Start of Records shown

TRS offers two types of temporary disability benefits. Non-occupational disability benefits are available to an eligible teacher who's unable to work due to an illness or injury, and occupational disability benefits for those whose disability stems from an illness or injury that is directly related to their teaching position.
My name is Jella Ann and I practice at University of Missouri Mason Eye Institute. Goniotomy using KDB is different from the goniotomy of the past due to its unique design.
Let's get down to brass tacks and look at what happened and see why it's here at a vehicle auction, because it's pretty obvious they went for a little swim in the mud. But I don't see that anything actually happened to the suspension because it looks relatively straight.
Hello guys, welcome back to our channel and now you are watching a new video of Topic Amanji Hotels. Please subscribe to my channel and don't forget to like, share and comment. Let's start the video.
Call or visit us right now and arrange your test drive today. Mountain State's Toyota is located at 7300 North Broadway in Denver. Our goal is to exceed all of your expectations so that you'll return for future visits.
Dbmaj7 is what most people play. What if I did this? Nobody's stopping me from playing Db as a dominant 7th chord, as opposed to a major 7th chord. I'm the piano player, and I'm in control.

End of Records shown

* Exercise
Give again, word for word, every line from the one holding "Call or visit" to the end of the data.

* Reply
Call or visit us right now and arrange your test drive today. Mountain State's Toyota is located at 7300 North Broadway in Denver. Our goal is to exceed all of your expectations so that you'll return for future visits.
Dbmaj7 is what most people play. What if I did this? Nobody's stopping me from playing Db as a dominant 7th chord, as opposed to a major 7th chord. I'm the piano player, and I'm in control.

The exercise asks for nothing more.